Vaccinia virus (VACV) is a double-stranded DNA virus of the Poxviridae family. It has a wide host range and natural tumor tropism. VACV has shown antitumor activity in clinical trials for chronic lymphocytic leukemia, metastatic malignant melanoma, prostate cancer, and osteosarcoma. JX-594 is an oncolytic VACV expressing human GM-CSF and with TK gene deletion. It has been applied to the Phase 1 trial in pediatric patients with unresectable refractory solid tumors, including osteosarcoma.
Fig.2 Targets for oncolytic virotherapy in osteosarcoma. (Hingorani, 2014)
In addition to the viruses mentioned above, several other viruses are being analyzed as oncolytic agents for the treatment of osteosarcoma, including reovirus, Semliki forest virus (SFV), vesicular stomatitis virus (VSV), measles virus, and Newcastle disease virus (NDV). They present either naturally tumor-selective or can be modified to specifically target and eliminate tumor cells.

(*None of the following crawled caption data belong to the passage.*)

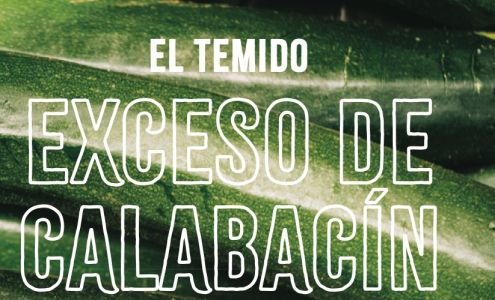 Big Sur Health Center 46896 CA-1, Big Sur California 93920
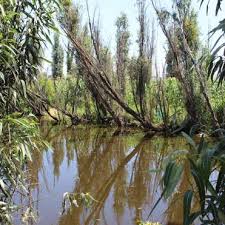 Aztec explorers is the traveller´s club of azteca travel tours art, a registred travel agency in mexico city, that organizes day, weekend and road trips in. Travelling In Time Exploring The Chinampas Of Tlahuac Mexico City Exploring Mexico Explorando Mexico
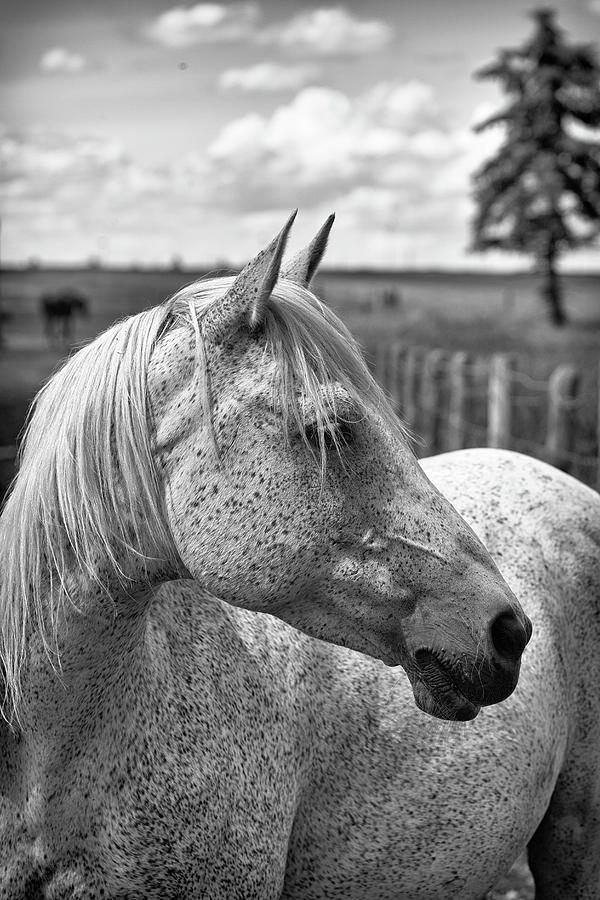 Equus Photograph by Photo By Alan Shapiro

With recent improvements in modern genetic engineering techniques, oncolytic viruses can be manipulated to alter the capsid to reduce pathogenicity and immunogenicity, to the secret antibody to boost the anti-tumor immune response, to express cytokine/chemokine to attract immune cells migration to the tumor site, and even to be loaded with immune checkpoint inhibitors. For example, we can choose tumor-specific promoters (TSPs) for conditionally replicating to improve the specificity of OVs. We can engineer a virus that relies on a pathway that is upregulated in tumor cells for successful tumor infection thereby rendering the virus incapable of infecting healthy tissue.